Simplicity and transparency in communications

The new rules on “Transparency of banking services and fairness of relationships” apply to all banking and financial transactions and services and to all customers.
The communication

They provide special protection for retail customers, i.e. consumers, individuals carrying out professional activities or craftsmanship, non-profit institutions, businesses with less than ten employees and an annual turnover not exceeding two million euro. Intesa Sanpaolo is taking steps to ascertain the client type and provide appropriate protection when signing a contract and to classify existing customers. When such classification is not available, Intesa Sanpaolo applies the maximum protection possible (all businesses are considered retail customers). The new rules for the protection of customers include:

  • clearer information of customers’ rights in the document “Main customers’ rights”1;
  • active use of Factsheets with updated information and more clearly intelligible drawn according to the directions laid out by the Bank of Italy;
  • adoption of practical guidelines for current accounts and mortgage loans contracts offered to consumers and access to out-of-court redress of disputes;  
  • the introduction of a synthetic product cost index for current accounts and credit lines for consumers, as well as for mortgages and consumer lending already provided (TAEG);
  • transmission of an annual summary of all expenses charged on the current account (as from 2010) to allow customers to assess if there are products that suit their needs better.

Factsheets available at Internet points in branches

From the end of 2009, a feature allowing banking transparency documents to be published online has been available, allowing the Bank’s branches to discontinue usinga paper factsheets archive.

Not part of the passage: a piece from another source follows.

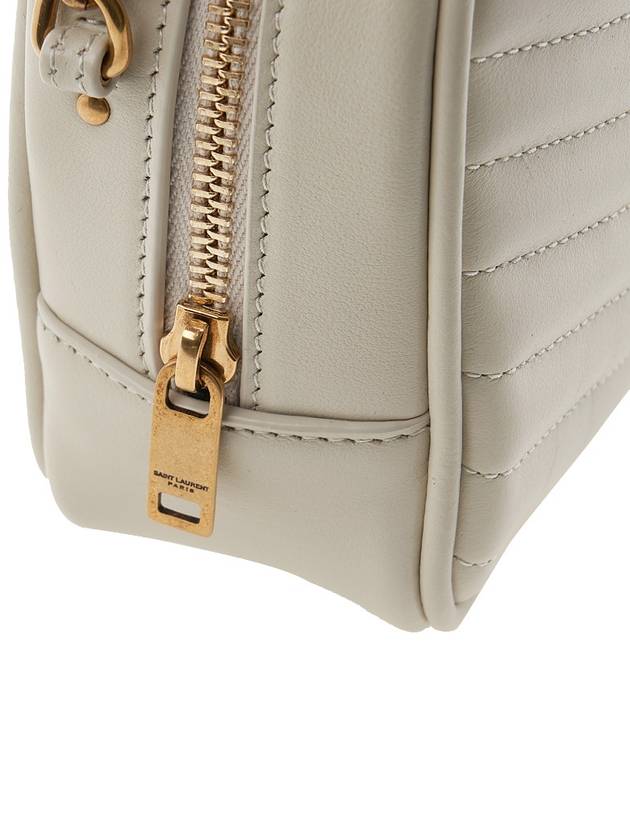 Lou Small Leather Cross Bag White - SAINT LAURENT - BALAAN 9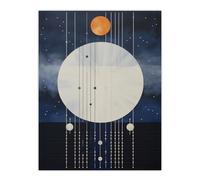 Wee Blue Coo Abstract Solar Eclipse Oil Painting Blue Orange Geometric Planetary Orbits Night Sky Extra Large XL Wall Art Poster Print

The Internet points located within the branches are user-friendly and allow Internet services to be accessed and the transparency and reporting documents to be printed, as well as serving as a means to educate customers. The current layout of the Internet points will be changed to make them accessible to impaired users and to increase privacy protection. The online publishing of Factsheets allows documents to be promptly updated across the whole network, non-stop availability of factsheets for customers, the reduction in the use of materials for updating paper documents (i.e. paper and toner).

Reporting to customers

The complete revamping of the statements for accounts, securities deposits and credit cards, in terms of both content and presentation, which was carried out last year was extended to new SuperFlash cards and savings accounts in 2009. The analysis of customer satisfaction surveys shows that satisfaction increased greatly during the period when the new bank statements were sent to our customers.2 In 2009, the new reporting has also led to significant work on the securities statement which informs all customers of their portfolio’s consistency with their risk profile.
Everyday more customers opt for the simple, convenient, secure and cost-effective Online Reporting, which allows customers to receive documentation and correspondence concerning their relationships with the Bank via remote channels and thereby to contribute to protecting the environment. Some products launched in 2009 were automatically paired to the online reporting, unless the customers expressly declined the option. The Online Reporting service allows customers to save up to 75% on the costs of sending documentation.

By activating the Online Reporting customers may also contribute to protecting the environment by preventing the waste of paper and the environmental costs of printing and transporting mail.


The rights concern the various products offered by the bank and the timing for sales in which the bank is bound to supply adequate literature and information.  Details of customers’ rights are available on the bank’s internet site.
2 The NIS (satisfaction index of the families segment) has grown from 48 in the survey during the first quarter of 2009 to 52 in the second quarter 2009.

Payment Services Directive – PSD

The PSD Directive 1  is the most significant legislative initiative issued by the European Union on payment services and introduces relevant changes for banks and customers in terms of:

  • improvement in the timing and implementation of payment services;
  • more information available to customers on payments and terms of service;
  • uniformity of rules in the European market.

After the introduction of the euro and the launch of the SEPA instruments, the directive gave new impetus to the creation of a single market for payments in Europe by increasing competition and focusing on consumers’ protection through a number of rules on transparency and certainty of timing in the execution of orders.Timelyness
PSD establishes that ongoing performance of payment service is regulated by a framework contract between the Bank and the customer, with a number of obligations on informing the customer, such as a breakdown of all expenses (including any costs for book entry) and any interest and exchange rates applied to each payment transaction.
Another change is the execution of payment within a short and pre-set time, generally within one working day following receipt of the order or within two working days if the order is a hard copy. Funds received must be credited to the beneficiary on the same day the Bank receives them. Although the Directive allows execution times to be extended by two days up until 1 January 2012, Intesa Sanpaolo has decided to apply the new terms that are more favourable to customers since the date the PSD in Italy came into force. Additionally, the Bank has brought some services into line with European legislation (International Bank Transfer and Single European Bank Transfer) even before the implementation of the Directive, applying the best terms in advance to its customers (currency and execution times).

1 Number 2007/64/CE (known as PSD – Payment Services Directive)

PattiChiari project

The implementation of the PattiChiari project (literally “Clear Pacts”) has seen the Intesa Sanpaolo Group banks that belong1 to the Consortium involved in the implementation of 26 Commitments to Quality (out of the 30 defined by the PattiChiari Consortium) and three voluntary initiatives. They are interbanking electronic tools and procedures that form a complex self-regulatory code of a customer-oriented banking system to arrive at a more efficient, transparent and competitive retail market. In particular, we aimed at simplifying the transferability of current accounts by means of on-line comparisons of all the offers of member banks, thereby facilitating the transfer of services from one bank to another. These tools not only meet the European guidelines on customer mobility, but improve on them.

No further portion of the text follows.